Information supplied Block Start

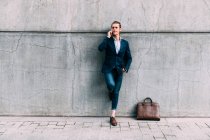 Бизнесмен разговаривает по мобильному телефону, стоя у портфеля на пешеходной дорожке — стоковое фото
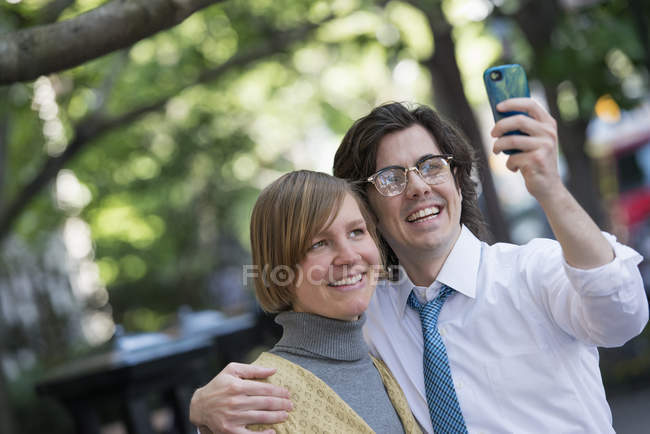 Mid adult man and woman posing for selfie with smartphone on street. — Stock Photo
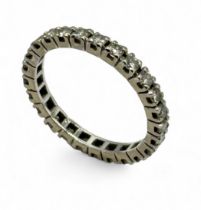 An 18ct white gold eternity ring set with diamonds - size O 1/2, weight 2.67g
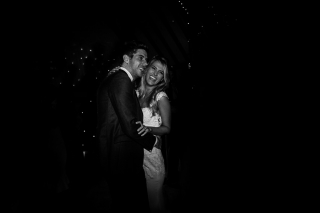 Bride and groom laughing during the first dance in black and white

Information supplied Block End

Nothing but the lines from the line with "Mid adult man" through the end of the listing should appear in the answer, each duplicated exactly, without pictures.

Exercise answer —
 Mid adult man and woman posing for selfie with smartphone on street. — Stock Photo
 An 18ct white gold eternity ring set with diamonds - size O 1/2, weight 2.67g
 Bride and groom laughing during the first dance in black and white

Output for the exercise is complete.